**Assignment**: Every line of the records below from the line with "Hungary, Budapest XII., Városmajor" up to and including the line with "558 Presidio Drive" must be reproduced exactly, and no line outside that range.

**Records supplied**:
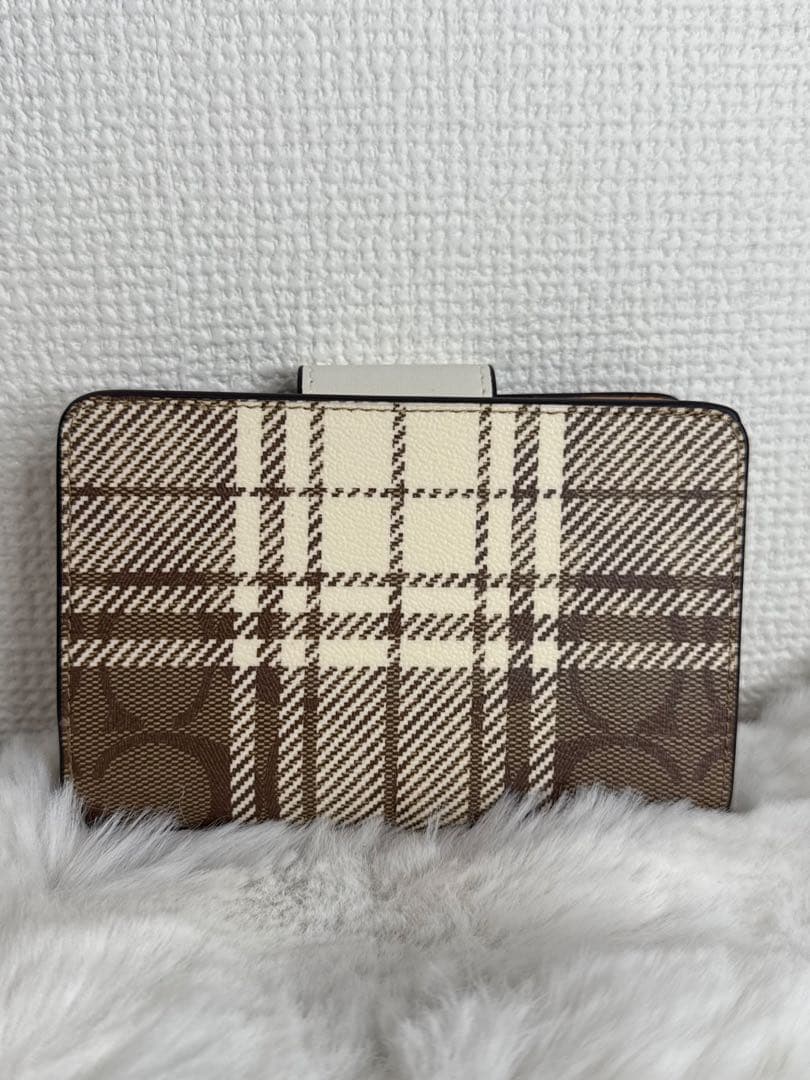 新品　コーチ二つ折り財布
* * *
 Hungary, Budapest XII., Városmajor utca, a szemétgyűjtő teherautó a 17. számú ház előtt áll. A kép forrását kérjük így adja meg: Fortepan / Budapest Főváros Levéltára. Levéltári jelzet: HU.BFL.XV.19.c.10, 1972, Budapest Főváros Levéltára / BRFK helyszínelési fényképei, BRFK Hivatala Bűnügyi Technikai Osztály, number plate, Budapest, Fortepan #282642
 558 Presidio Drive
--
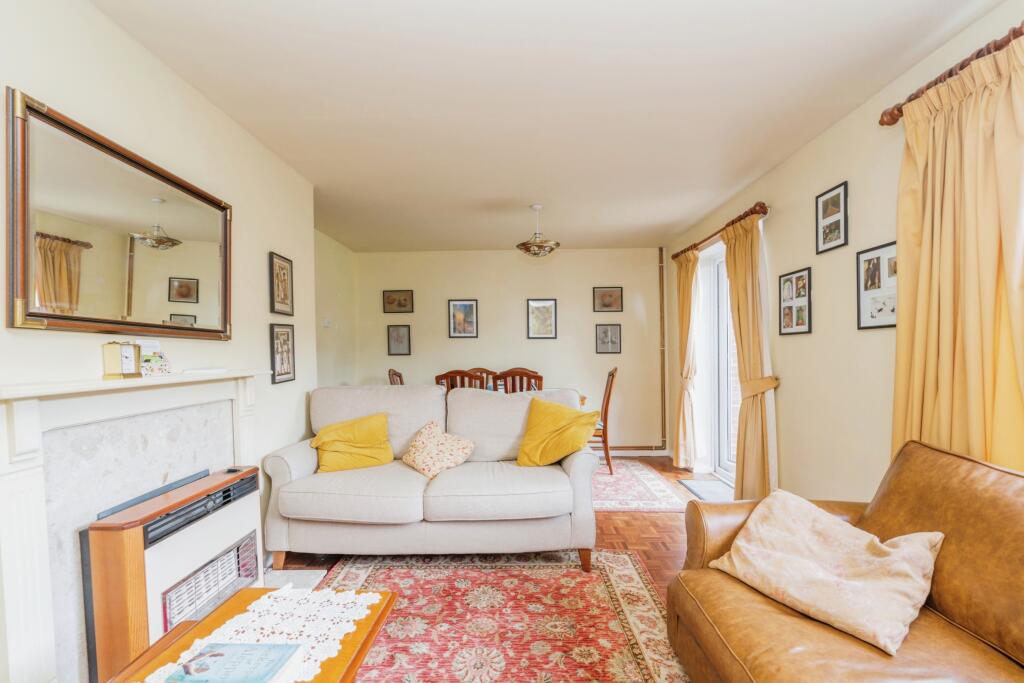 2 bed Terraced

**Task result**:
 Hungary, Budapest XII., Városmajor utca, a szemétgyűjtő teherautó a 17. számú ház előtt áll. A kép forrását kérjük így adja meg: Fortepan / Budapest Főváros Levéltára. Levéltári jelzet: HU.BFL.XV.19.c.10, 1972, Budapest Főváros Levéltára / BRFK helyszínelési fényképei, BRFK Hivatala Bűnügyi Technikai Osztály, number plate, Budapest, Fortepan #282642
 558 Presidio Drive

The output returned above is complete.